Solar & Rocks Running Hot

Solar & Rocks Running Hot

Australia should take a leading role in developing solar energy technology as part of the fight against global warming, the International Energy Agency’s chief economist says, while Tim Boreham is willing to bet the renewable energy sector will remain in vogue, no matter whether the Senate again kyboshes the carbon abatement laws or if December’s climate change summit in Copenhagen generates no more than hot air.

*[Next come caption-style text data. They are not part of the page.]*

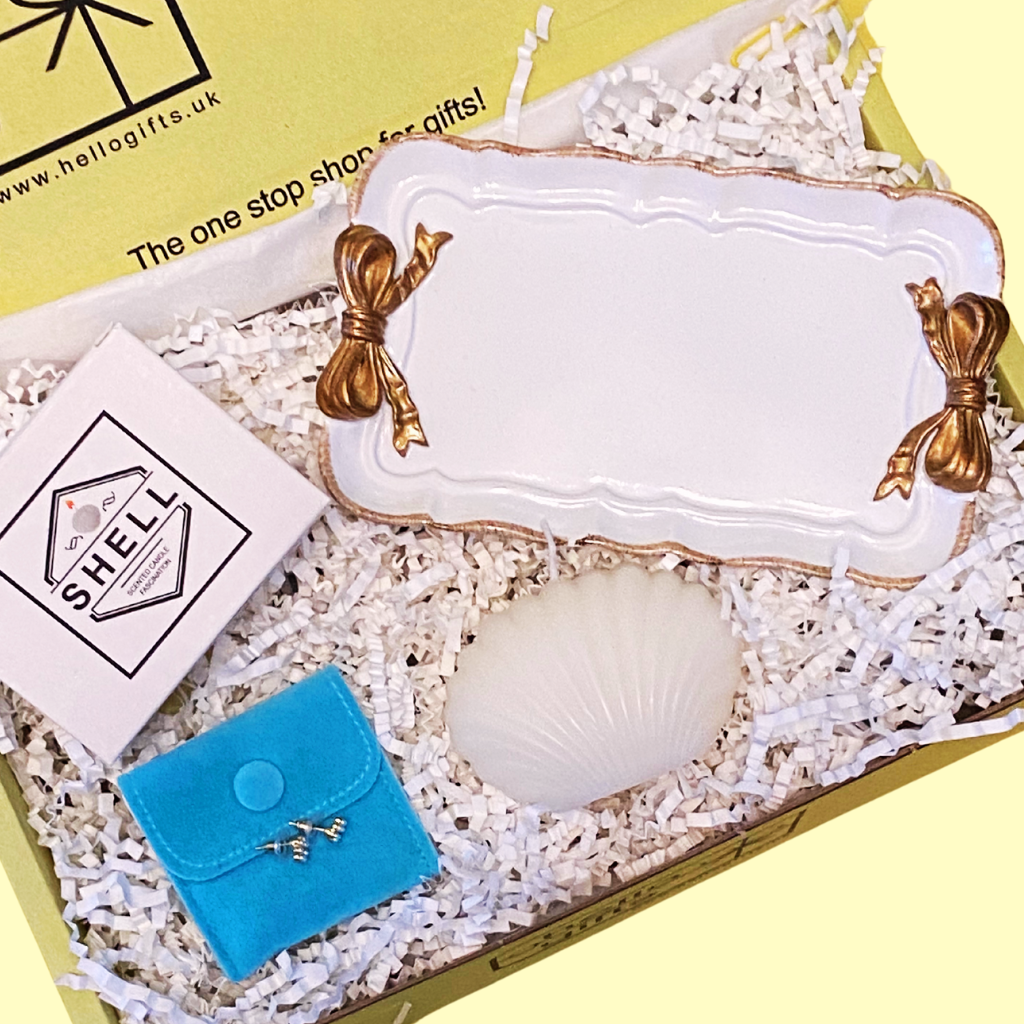 The Terrific Trinket Giftbox Set - Vintage White
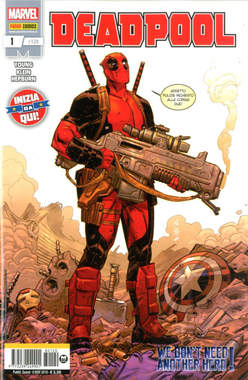 Deadpool serie 120-PANINI COMICS- nuvolosofumetti.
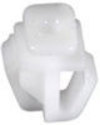 Honda Moulding Clip <br><font color=red><font size=2.5>Honda: 75306SZAA01</font></font>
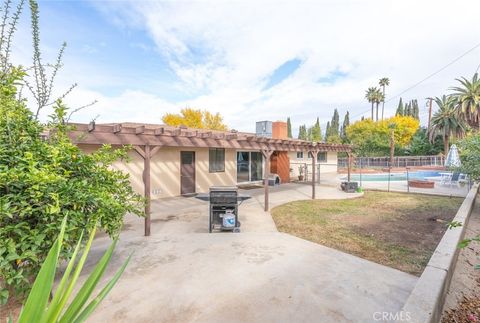 A home in Redlands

Peter Veness and Cathy Alexander in Sydney Morning Herald (21 October 2009):

Australia should take a leading role in developing solar energy technology as part of the fight against global warming, the International Energy Agency’s chief economist says.
“We need a major (solar) program, a collective program,” the agency’s Fatih Birol told AAP. “Australia has a lot of experience. In solar, Australia can also play a role.”
Speaking from Paris, Dr Birol said “solar energy has a very bright future” along with nuclear power.
He said solar was potentially an easier option because it “enjoys a lot of public acceptance”.
Even with large investments in both solar and nuclear, Dr Birol said the world would still need oil, but he warned it would not last.
“My main motto never changes, the era of low oil prices is over,” he said.
“When the economy recovers, oil prices will recover accordingly. Mid- to long-term we will be experiencing high prices.
“This may be bad news for all of us.”
Australia’s solar industry has had a chequered history, with some researchers and manufacturers heading overseas over the past 15 years due to a perceived lack of federal government support.
An $8,000 rebate for rooftop solar panels was scrapped this year and replaced with a less generous one.
A rebate for remote-area renewable energy projects has also ended, and a program to give grants of up to $50,000 to schools for solar panels and other energy-smart initiatives has been temporarily closed.
The government has promised to spend $1.5 billion on building up to four large-scale solar power farms, although the project may run into trouble due to uncertain investment flows from the private sector.
Just last month, a bid to build the world’s largest solar plant in Victoria was thrown into doubt after the lead company was put in receivership.
The $420 million project, planned by Solar Systems, was to have produced power for about 45,000 houses.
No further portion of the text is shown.